Appearance-Based Loop Closure Detection for Online Large-Scale and Long-Term Operation
Mathieu Labbé, François Michaud
TL;DR
The paper tackles online loop closure detection in large-scale, long-term appearance-based mapping by introducing RTAB-Map, a memory-management framework that bounds the Working Memory (WM) to maintain real-time processing and uses a Long-Term Memory (LTM) to store overflow locations. It combines a Bayesian framework with Retrieval and Transfer mechanisms: new observations are converted into incremental bag-of-words signatures from SURF features, weights are updated, and loop-closure hypotheses are tracked with a discrete Bayesian filter; matching is performed against WM, while nearby or retrieved locations from LTM are brought into WM to support future closures. Key contributions include the memory-management strategy (Weight Update, Retrieval, Transfer), the integrated Bayesian loop-closure hypothesis tracking, and extensive empirical validation across community, university campus, and synthetic datasets showing high recall at 100% precision while satisfying real-time constraints. The approach demonstrates that online, large-scale SLAM is feasible by selectively retaining discriminative locations in WM and opportunistically leveraging LTM via retrieval, enabling robust loop closures under varying illumination and viewpoint changes with practical processing times.
Abstract
In appearance-based localization and mapping, loop closure detection is the process used to determinate if the current observation comes from a previously visited location or a new one.

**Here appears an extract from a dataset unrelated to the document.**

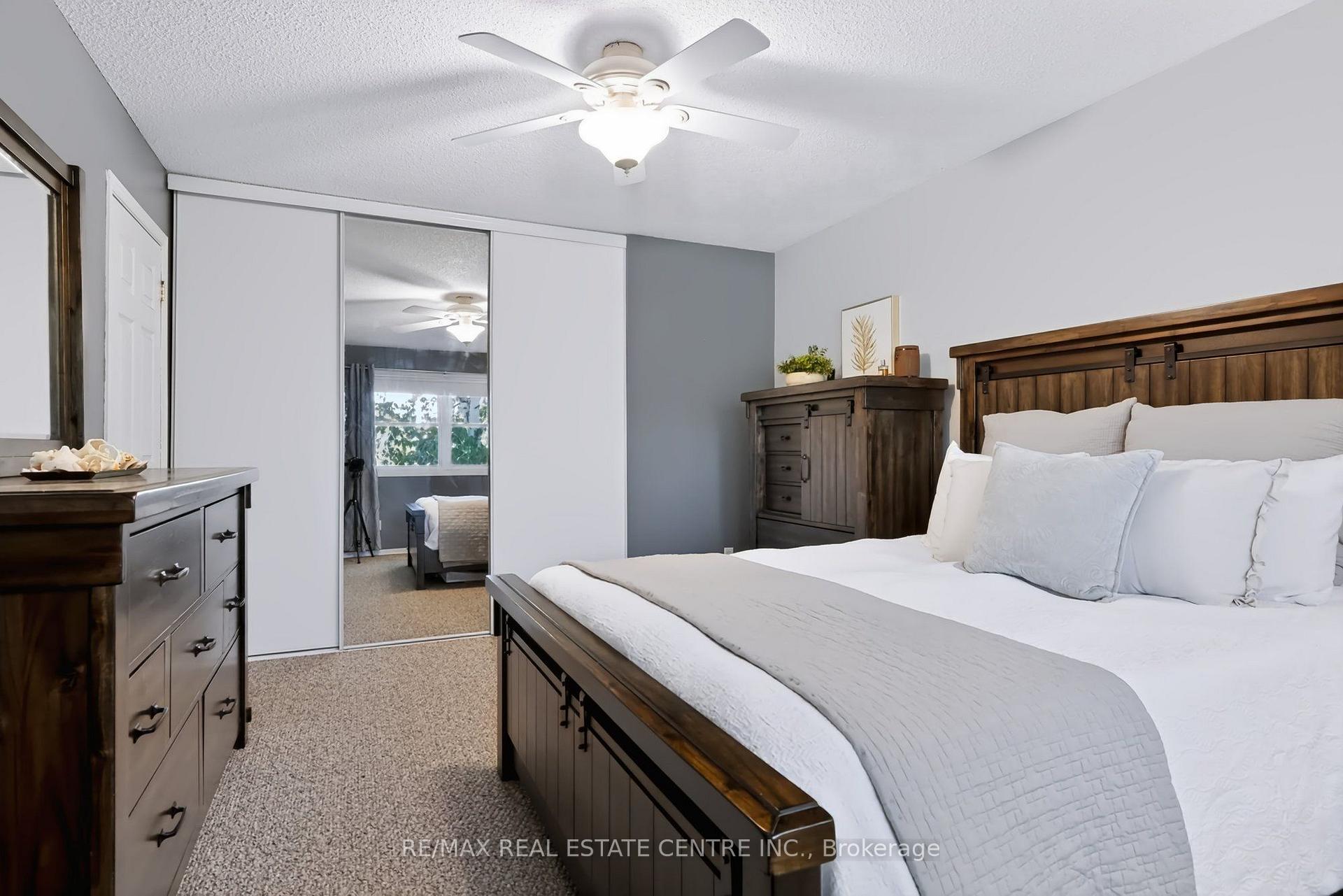Photo 22 of 220 Harvest Drive, Milton, Bronte Meadows — HOMEH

As the size of the internal map increases, so does the time required to compare new observations with all stored locations, eventually limiting online processing. This paper presents an online loop closure detection approach for large-scale and long-term operation. The approach is based on a memory management method, which limits the number of locations used for loop closure detection so that the computation time remains under real-time constraints. The idea consists of keeping the most recent and frequently observed locations in a Working Memory (WM) used for loop closure detection, and transferring the others into a Long-Term Memory (LTM). When a match is found between the current location and one stored in WM, associated locations stored in LTM can be updated and remembered for additional loop closure detections. Results demonstrate the approach's adaptability and scalability using ten standard data sets from other appearance-based loop closure approaches, one custom data set using real images taken over a 2 km loop of our university campus, and one custom data set (7 hours) using virtual images from the racing video game ``Need for Speed: Most Wanted''.